May 13 was bright with light winds. This morning the Portuguese Princess traveled south of the Triangle and found seven humpback whales, one finback and one minke. With the exception of Loon and her calf, all of the humpback whales were juveniles, and only one identified from last year. The minke whale was not close enough to photograph but it was a timely sighting as the Icelandic Minke Whalers Association reported that the first minke whale of the season has now been killed; the eight meter long animal was landed off Kopavogur in southwest Iceland. The minke whale was killed by a new whaling vessel, the Hrafnreyður KÓ. The Association announced that the meat “went straight to processing” and that whale meat will be on sale in restaurants and shops. Since the onset of the moratorium on whaling, several thousand minke’s have been killed in the North Atlantic and Pacific and the Southern Ocean Whale Sanctuary.
One of the small humpback whales approached the boat after a bout of breaching. As it began to roll and flipper we could see the gooseneck barnacles hanging from its lower jaw and flippers.
The Dolphin VIII also ventured to the Triangle and found nine humpback whales. Again, Loon was the only large whale sighted but three of the smaller whales, including Scylla’s 08 calf approached and circled around the boat. Scylla’s calf was often swimming on its back. By afternoon the whales were traveling steadily east. Many of the same whales, including Loon and calf, were in the area. One small unknown whale approached the Princess and spent over 30 minutes swimming around and under the boat.
Later in the day the DVIII sighted 12 to 18 humpback whales, many of the same individuals that had been seen earlier. However the whales were on the move and not spending much time on the surface.
May 14 was overcast with light southwesterly winds. We returned to the Triangle and again saw Loon and calf and many of the small humpbacks from the day before.

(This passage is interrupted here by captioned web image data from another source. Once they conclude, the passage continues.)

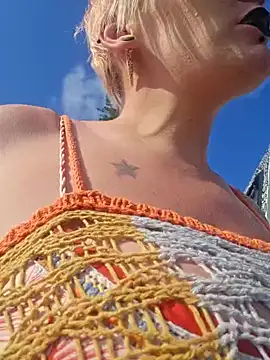 PinkTheHawk online show from 02.08.25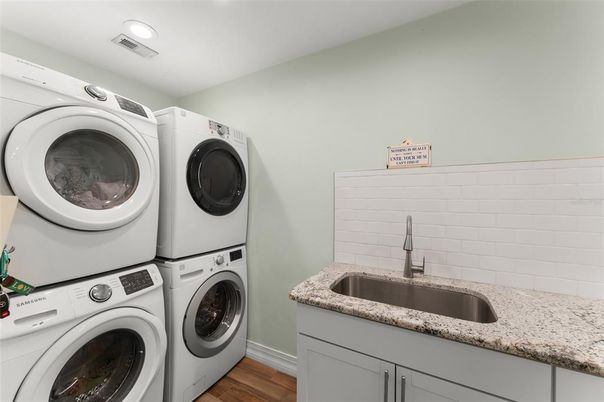Interior, Recessed Lighting, Washer, Wood Texture Flooring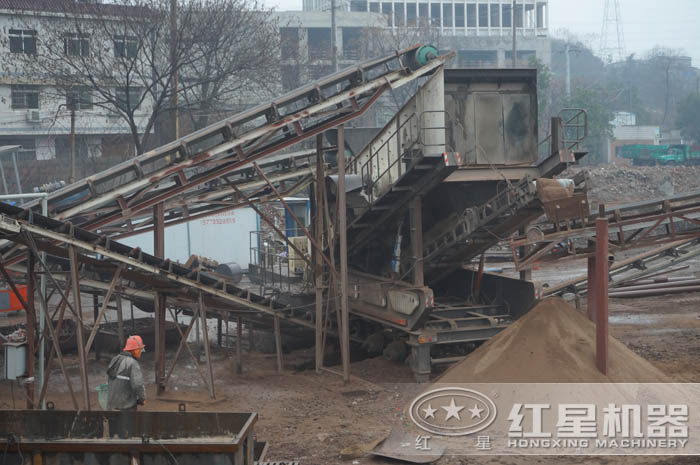 建筑垃圾破碎現(xiàn)場 建筑垃圾破碎現(xiàn)場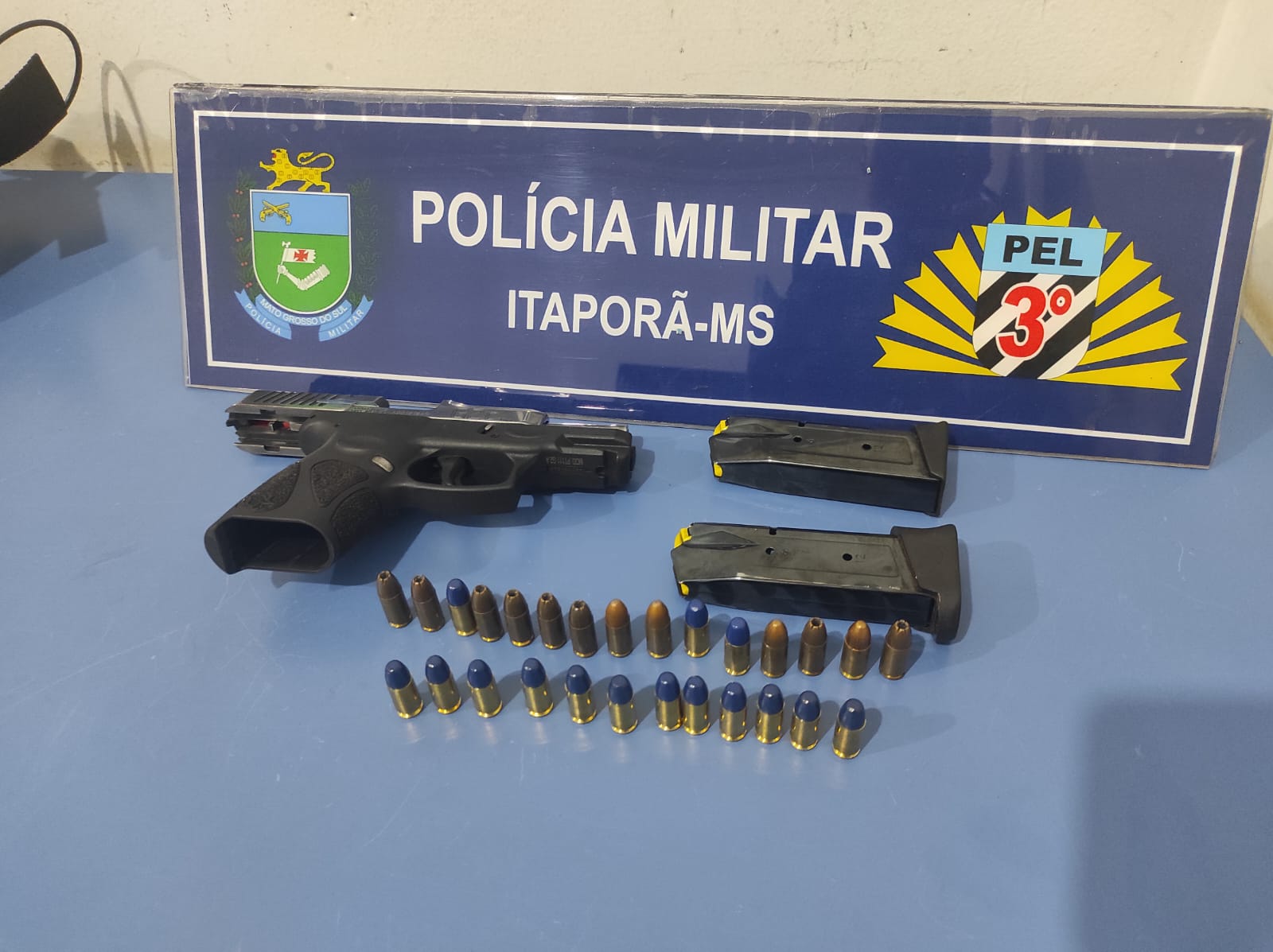 Itaporã: Homem é detido por Porte Ilegal de Arma de Fogo de Uso Permitido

At one point, two of the small humpbacks and Elephant, first photographed in 2007 and named in 2008, approached the boat and swam around and under for over 20 minutes. We also had our first sighting this year of Pitcher, born to Valley in 2007. By afternoon a few more humpbacks had moved into the area but there was little sign of feeding. Although Scylla’s 08 calf blew a ring of bubbles, they were not associated with feeding. Feeding clouds may be formed as a humpback releases millions of tiny bubbles beneath the surface, often at great depth, that slowly rise to the surface. It is possible that the bubbles concentrate the prey, an anti-predator response, and hinder the fishes’ ability to escape.